Eteindre le feu, suppose à la fois une grande fermeté et une cohésion de la communauté internationale à exiger
d’abord la diplomatie, l’arrêt des opérations militaires et une maîtrise des savoirs et des connaissances sur les mondes arabe et musulman contemporains et une action économique solidaire visant
à permettre à ces pays de ne plus être pillés par les multinationales et de pouvoir vivre avec leur peuple de leurs propres ressources. Dans ces domaines, la France accuse depuis des années un
retard considérable, car prisonnière de conceptions impérialistes.
Là où les Etats-Unis, nos partenaires européens, et désormais les pays d'Asie et même du Golfe ont investi
considérablement pour développer centres d'études et de recherches, enseignements, think tanks, ont su nouer de multiples partenariats avec les sociétés civiles du monde musulman, notre pays, qui
compte pourtant le plus grand nombre d'Arabes et de musulmans en Europe occidentale, est à la traîne.
Par exemple, l'Institut du Monde Arabe, paralysé par la politique politicienne et raciste de l'Hexagone, est
passé totalement à côté de la signification des mouvements arabes – alors que, dans le même temps, ont été élus dix députés de France au Parlement tunisien. A Sciences-Po, les études sur le monde
arabe, un fleuron de l'établissement pendant le dernier quart de siècle, ont été fermées en décembre 2010, le mois où Mohammed Bouazizi s'est immolé par le feu en Tunisie.
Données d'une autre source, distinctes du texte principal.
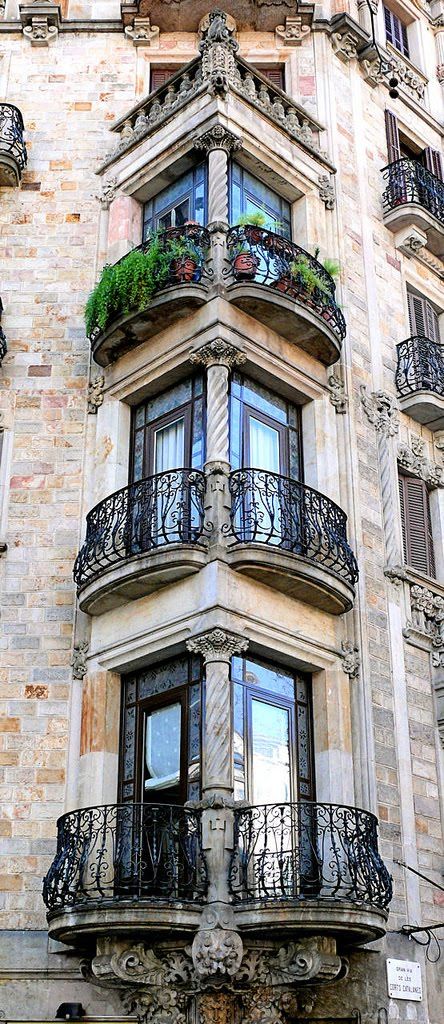 Rohový balkón -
C'est désormais de
l'autre côté de la Manche ou de l'Atlantique que beaucoup vont quérir le savoir que l'on venait autrefois du monde entier chercher à Paris.
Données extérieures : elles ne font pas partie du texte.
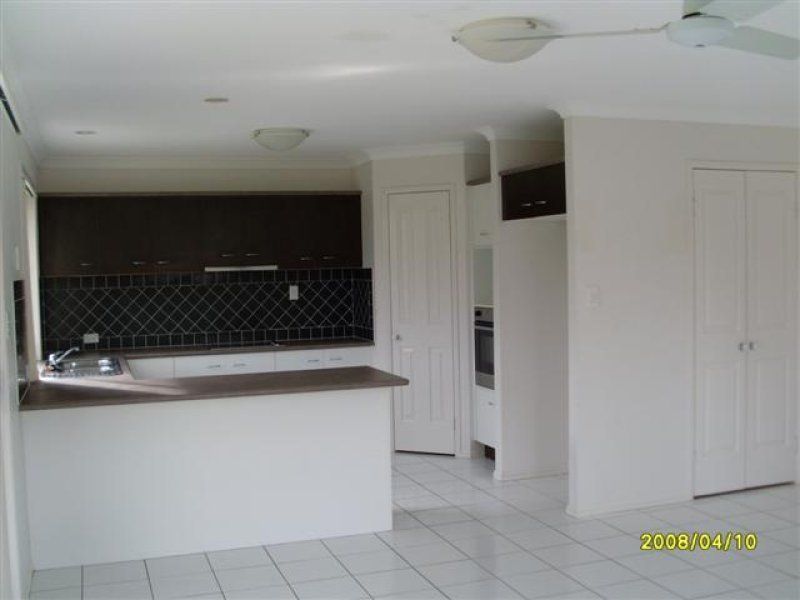17 Gladebourne Crescent, Victoria Point, QLD 4165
Ce qui se joue au Mali n'est donc pas seulement qu’une affaire militaire, la guerre n’est que le moyen de
maintenir les vieilles dominations économiques des empires coloniaux, et l'on voit que, dans les jours qui ont suivi sa survenue, la guerre a déjà fait tâche d'huile dans un grand pays
voisin.
Cela demande la mise en œuvre d'une stratégie internationale et la maîtrise d'enjeux de société complexes –
c'est un défi de civilisation à l'heure de la mondialisation, de l'interpénétration des cultures et de la circulation accélérée des idéologies, des images et des vidéos, des hommes, des biens et
des armes à travers les frontières.
C’est une tâche considérable qui relève de l’ONU. Pour la mener à bien l’ONU doit en tout premier lieu rompre
impérativement avec le rapport de 2005 qui adaptait contre la paix, la stratégie de l’ONU aux thèses de Busch, le fameux choc des civilisations, pour revenir à des concepts plus en rapport avec
sa mission fondamentale qui est de garantir la sécurité et la paix, d’assurer l’intégrité et la souveraineté de chaque Etat de la planète et d’instaurer un nouvel ordre international fondé sur le
droit au développement de chacun avec des coopérations équilibrées et mutuellement avantageuses entre Etats.
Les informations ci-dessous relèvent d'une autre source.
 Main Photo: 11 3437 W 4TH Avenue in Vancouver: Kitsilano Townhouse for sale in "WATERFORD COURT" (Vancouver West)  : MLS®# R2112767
Cela nécessite de lutter contre les dominations de toutes sortes, d’avoir des positions impartiales, de lutter
contre la misère et la pauvreté à l’échelle du globe, d’imprimer un vrai développement humain durable et de refuser de transférer l’exercice de son mandat militaire à qui que se soit et en
particulier à l’OTAN qui dans cet esprit doit être dissoute.
Le Conseil de Sécurité doit être dissous et ses missions doivent relever que de la seule Assemblée
Générale.
Depuis, les peuples arabes tentent de prendre la main, aidons les à conquérir leur propre développement dans le
respect de leurs choix économiques et sociaux, de leur souveraineté et bannissons une fois pour toute cet abus d’ingérence, qui broie le droit à la souveraineté, dont le Mali et le Sahel
constituent à la fois les victimes par excellence et le lieu d’un embrasement possible de l’Afrique et de la méditerranée.